Start of Block

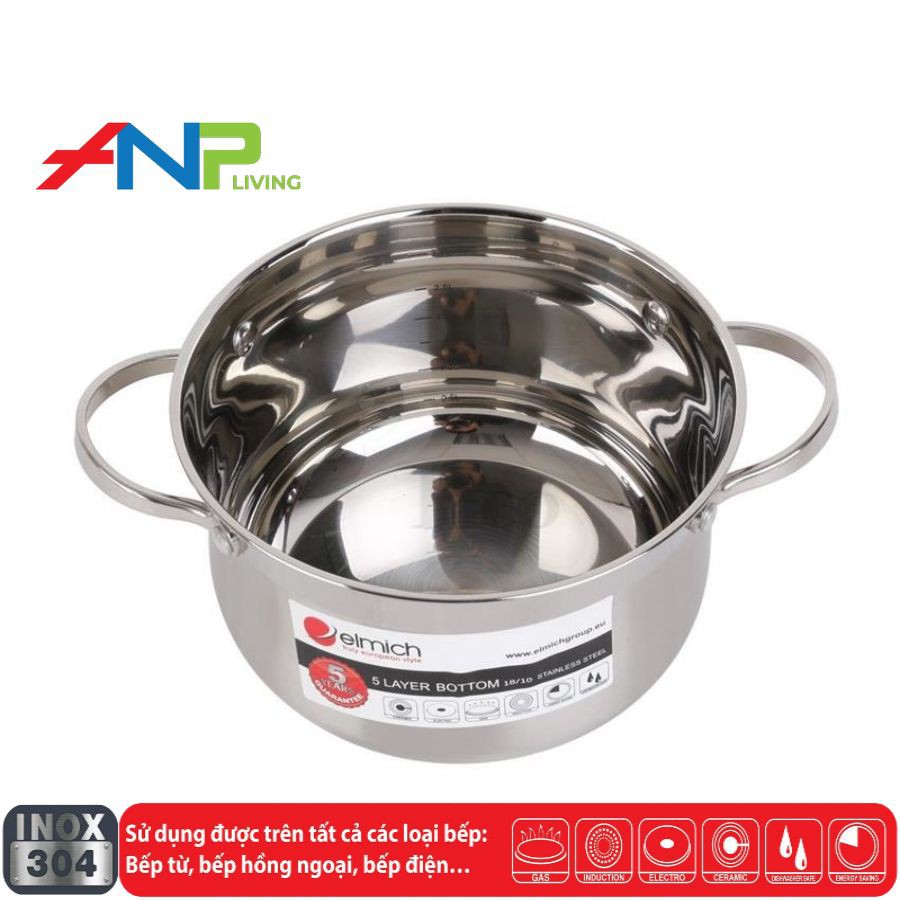 [Elmich EL-0124] BỘ 3 NỒI INOX 304 5 LỚP ĐÁY RỜI - ELMICH 2350124 - HÀNG NHẬP KHẨU CHÍNH HÃNG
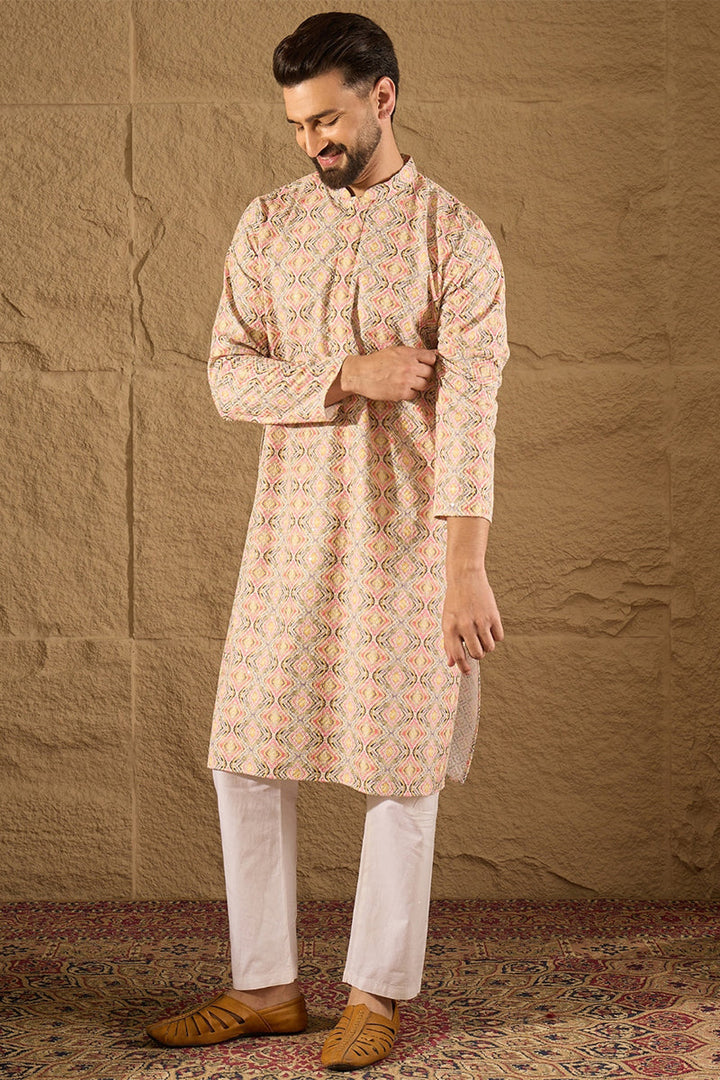 Multicolor Viscose Rayon Geometric Embroidered Straight Kurta | SHOBITAM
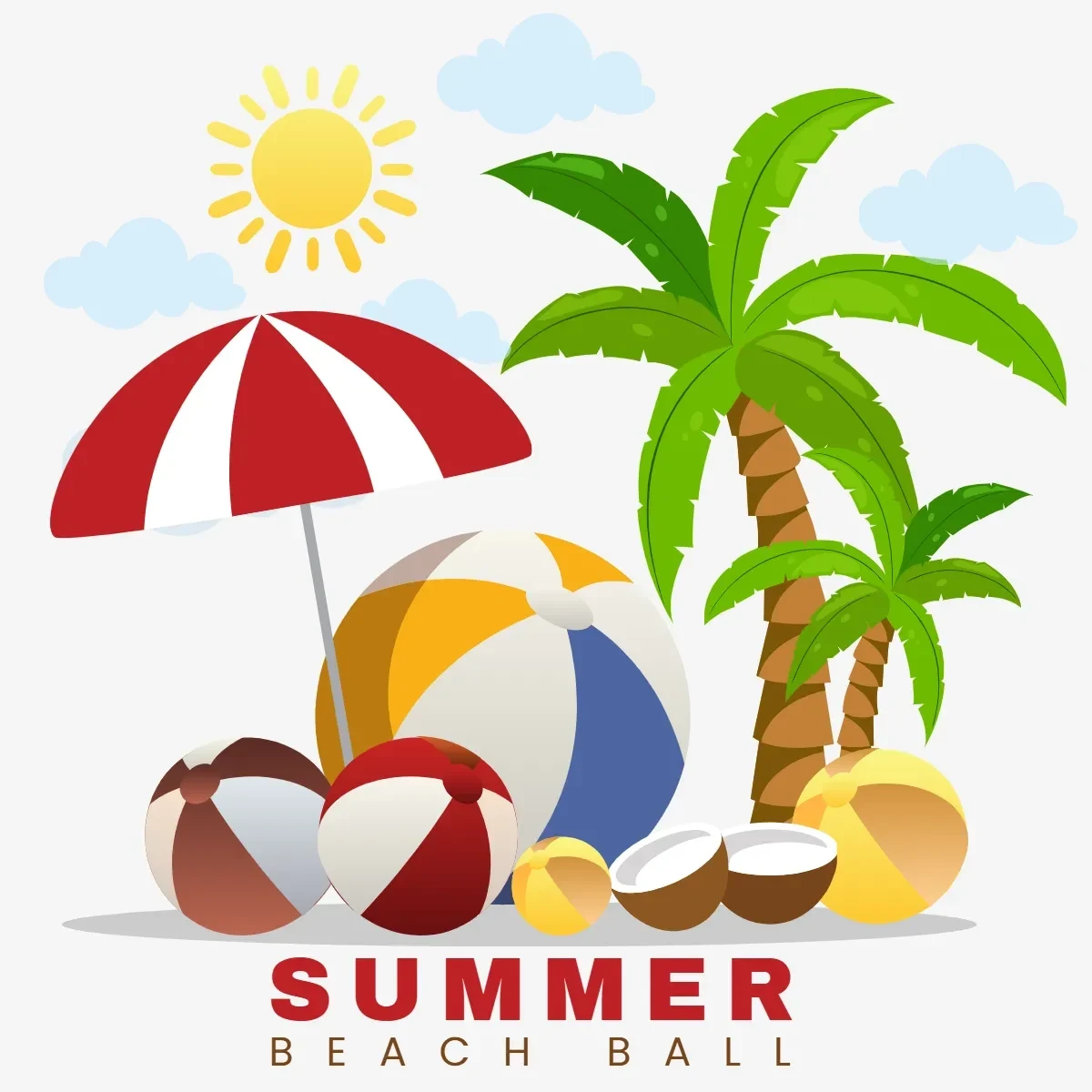 Free Summer Beach Ball Clip Art Template to Edit Online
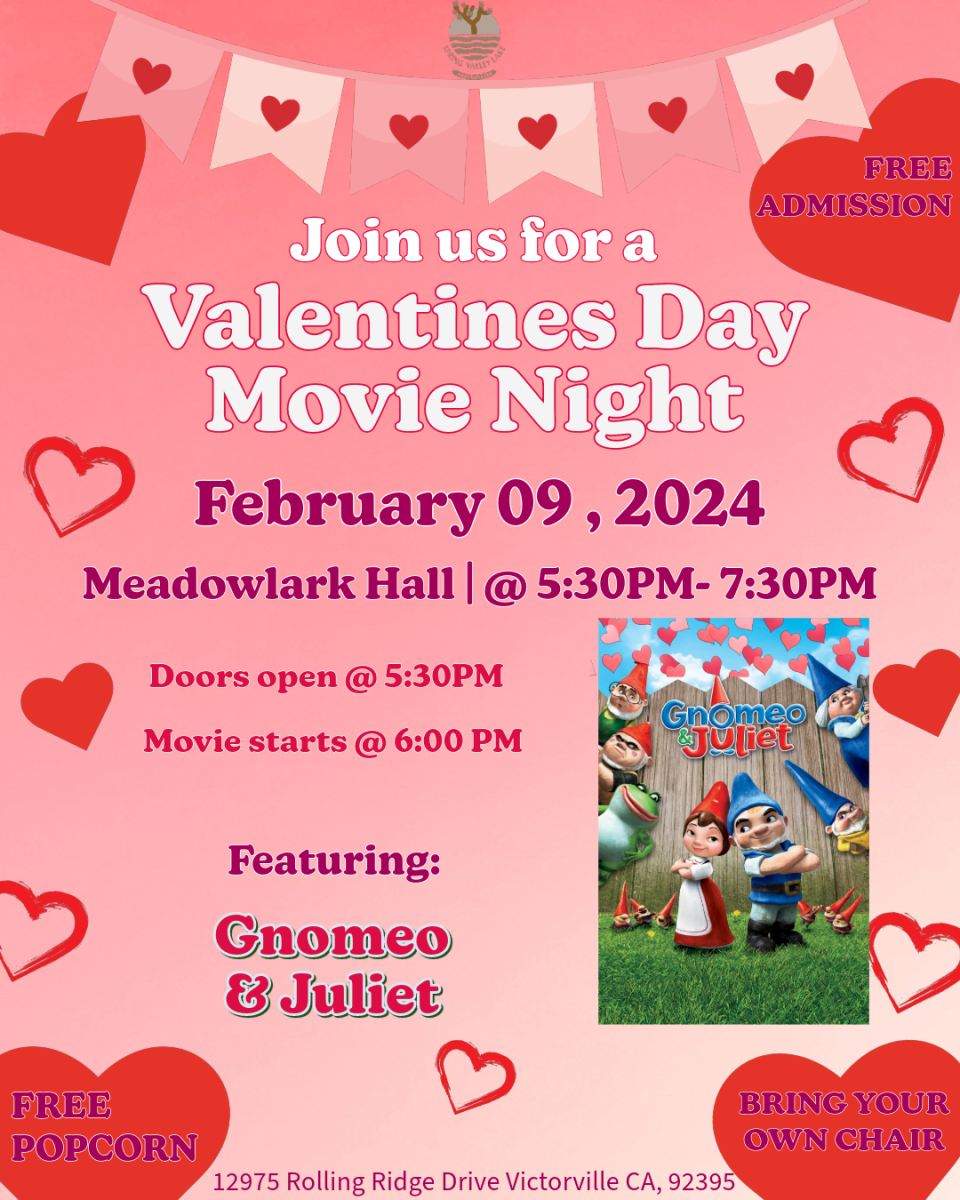 Join us for a Valentine's Day Movie Night on Friday, February 9, 2024 in Meadowlark Hall!   Featuring Gnomeo & Juliet 🥰 Doors open at 5:30 PM Movie Starts at 6:00 PM  Free Admission | Free Popcorn🍿| Bring your own chair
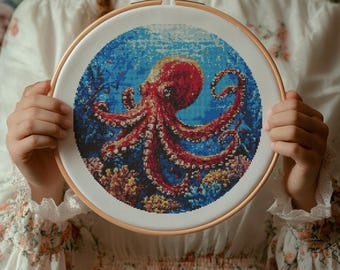 Octopus Cross Stitch Pattern, Octopus Cross Stitch PDF, Cross Stitch Animal, Punto De Cruz, Point De Croix, Cross Stitch Template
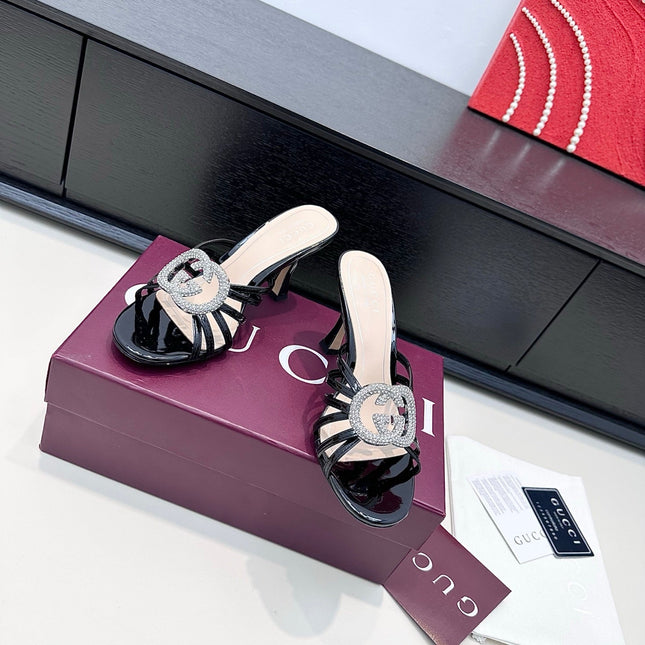 GUCCI 26S HEELED SANDALS 85 MM IN BLACK CALFSKIN WITH CRYSTAL
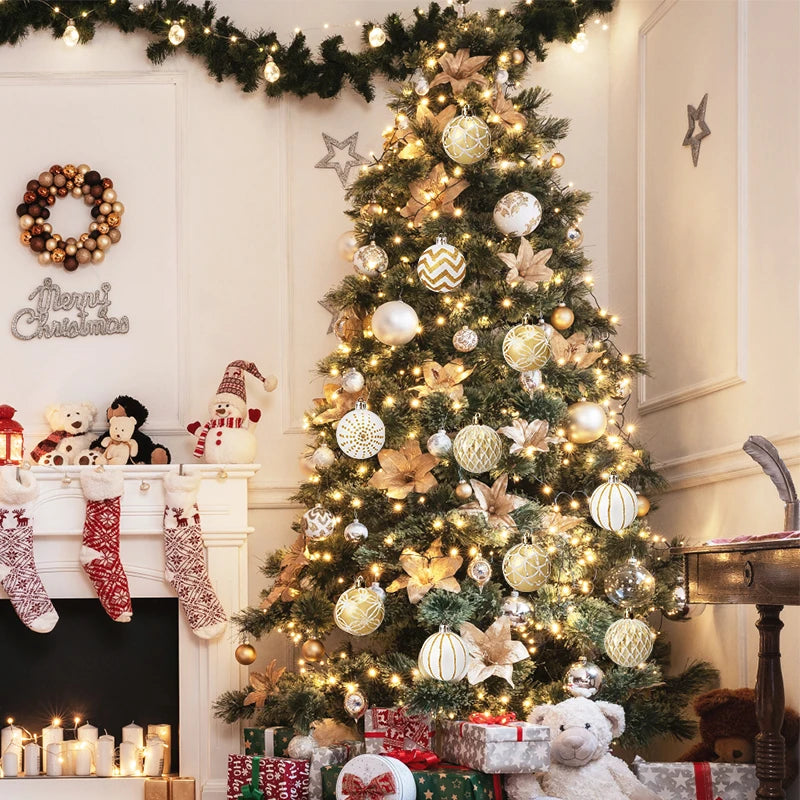 30PCS 6cm Gold White Christmas Balls – Tree Ornaments for Xmas, New Year, and Party Decorations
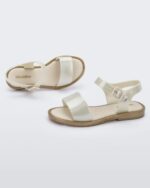 Mini Melissa Fashion Mar Sandal-Kids White-Glitter - Image 2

End of Block

* _The problem_:
A word-for-word repeat of the lines from the line with "Free Summer Beach" to the last line of the data, both ends included and pictures left out, is all that should appear.

* _Completed exercise_:
 Free Summer Beach Ball Clip Art Template to Edit Online
 Join us for a Valentine's Day Movie Night on Friday, February 9, 2024 in Meadowlark Hall!   Featuring Gnomeo & Juliet 🥰 Doors open at 5:30 PM Movie Starts at 6:00 PM  Free Admission | Free Popcorn🍿| Bring your own chair
 Octopus Cross Stitch Pattern, Octopus Cross Stitch PDF, Cross Stitch Animal, Punto De Cruz, Point De Croix, Cross Stitch Template
 GUCCI 26S HEELED SANDALS 85 MM IN BLACK CALFSKIN WITH CRYSTAL
 30PCS 6cm Gold White Christmas Balls – Tree Ornaments for Xmas, New Year, and Party Decorations
 Mini Melissa Fashion Mar Sandal-Kids White-Glitter - Image 2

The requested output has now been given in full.